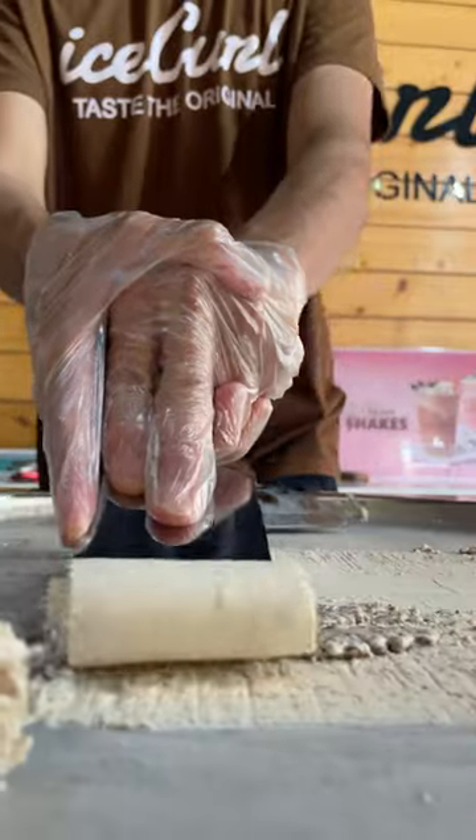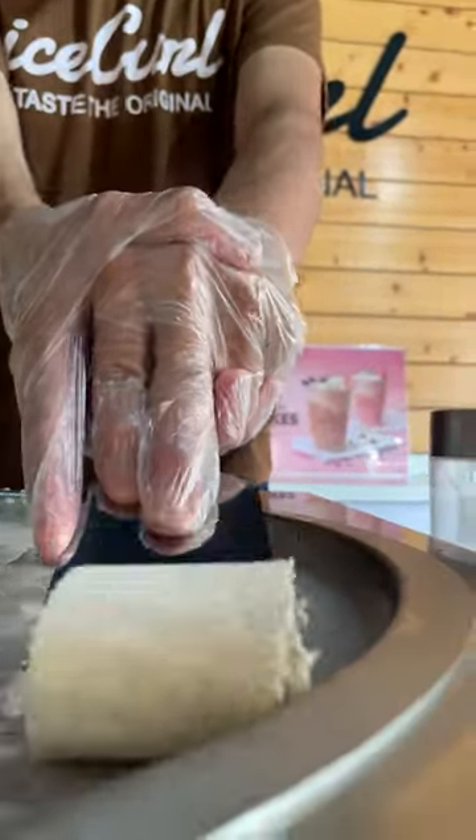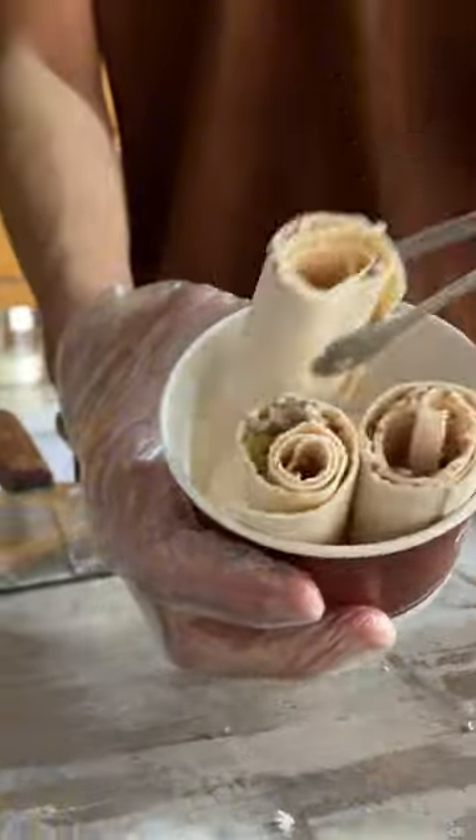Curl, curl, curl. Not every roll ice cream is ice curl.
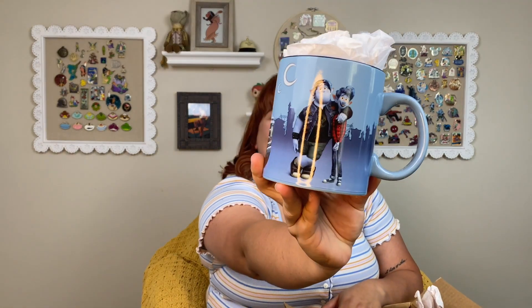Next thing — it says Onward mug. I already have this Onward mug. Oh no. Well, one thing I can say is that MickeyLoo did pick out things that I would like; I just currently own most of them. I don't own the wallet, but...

* * * *

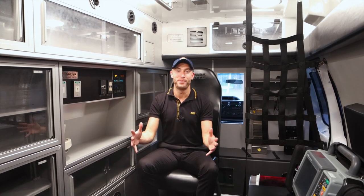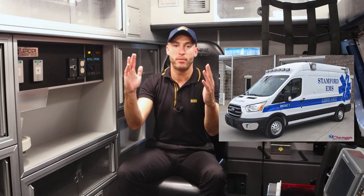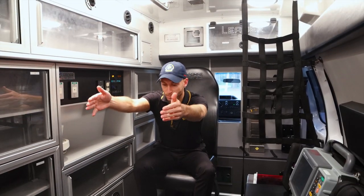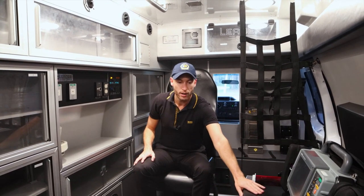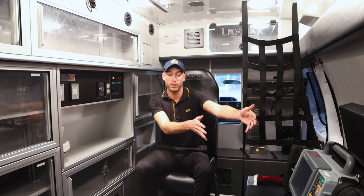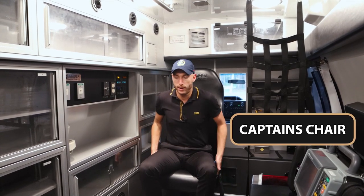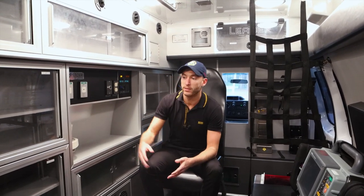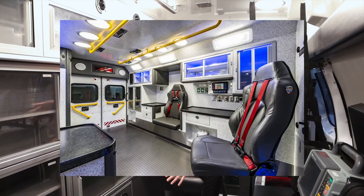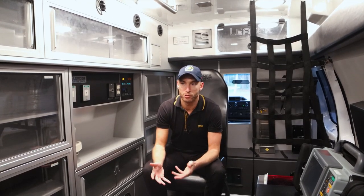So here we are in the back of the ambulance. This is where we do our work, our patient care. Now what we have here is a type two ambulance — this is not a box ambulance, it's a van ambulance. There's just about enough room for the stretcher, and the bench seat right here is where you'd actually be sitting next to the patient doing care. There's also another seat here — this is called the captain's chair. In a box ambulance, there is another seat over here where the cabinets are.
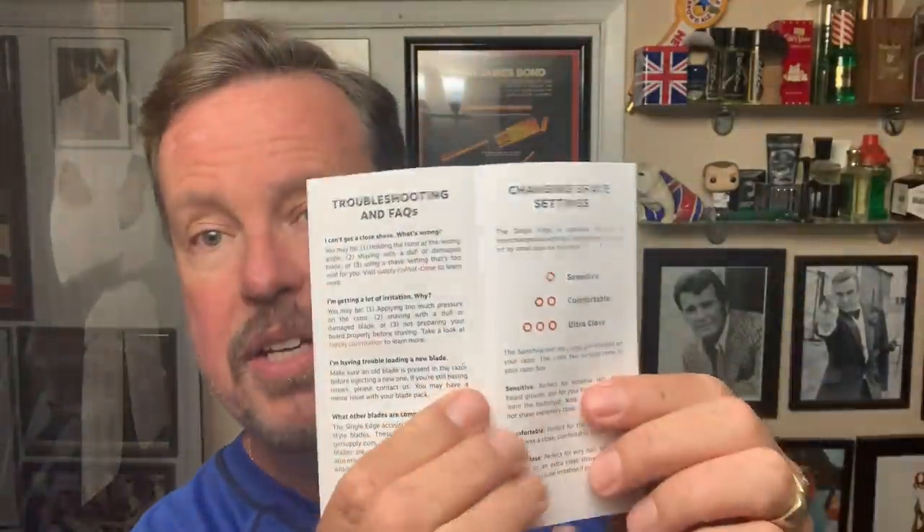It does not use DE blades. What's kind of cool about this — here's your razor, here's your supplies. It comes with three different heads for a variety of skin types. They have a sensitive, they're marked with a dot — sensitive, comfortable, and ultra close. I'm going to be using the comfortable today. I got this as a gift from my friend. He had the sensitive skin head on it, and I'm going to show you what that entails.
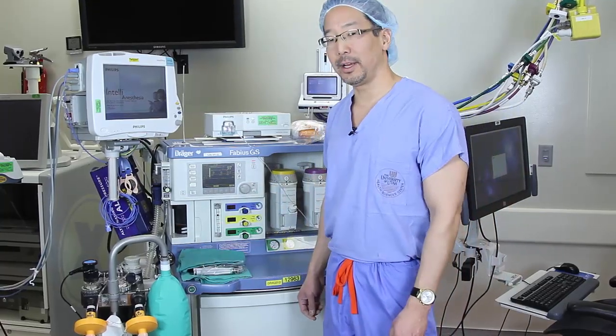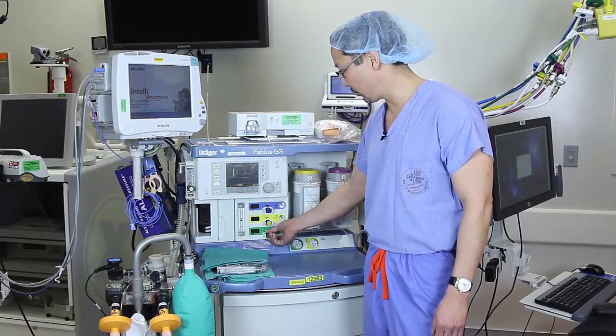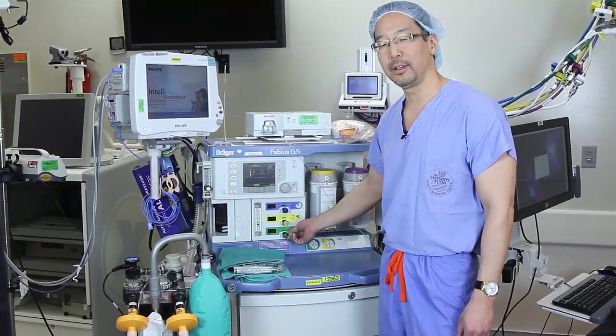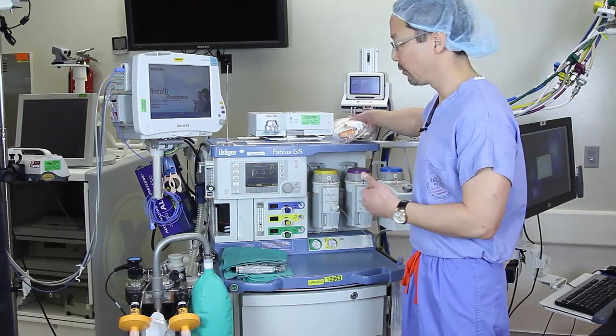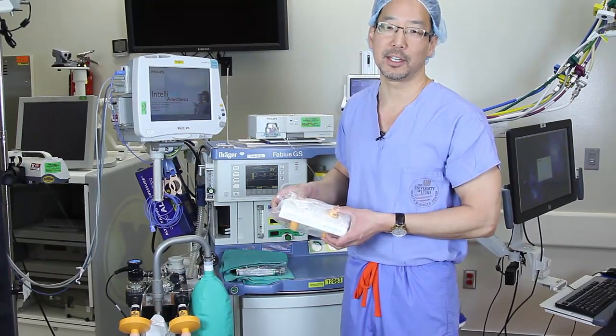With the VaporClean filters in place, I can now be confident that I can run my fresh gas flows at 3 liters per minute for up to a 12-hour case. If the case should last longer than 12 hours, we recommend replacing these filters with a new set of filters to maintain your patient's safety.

* * * *

■ Directions ■
Above are the records. Copy word for word only their lines from the one holding "Curl, curl, curl." through the one holding "Next thing —", both included, and skip the images.

■ Written answer ■
Curl, curl, curl. Not every roll ice cream is ice curl.
Next thing — it says Onward mug. I already have this Onward mug. Oh no. Well, one thing I can say is that MickeyLoo did pick out things that I would like; I just currently own most of them. I don't own the wallet, but...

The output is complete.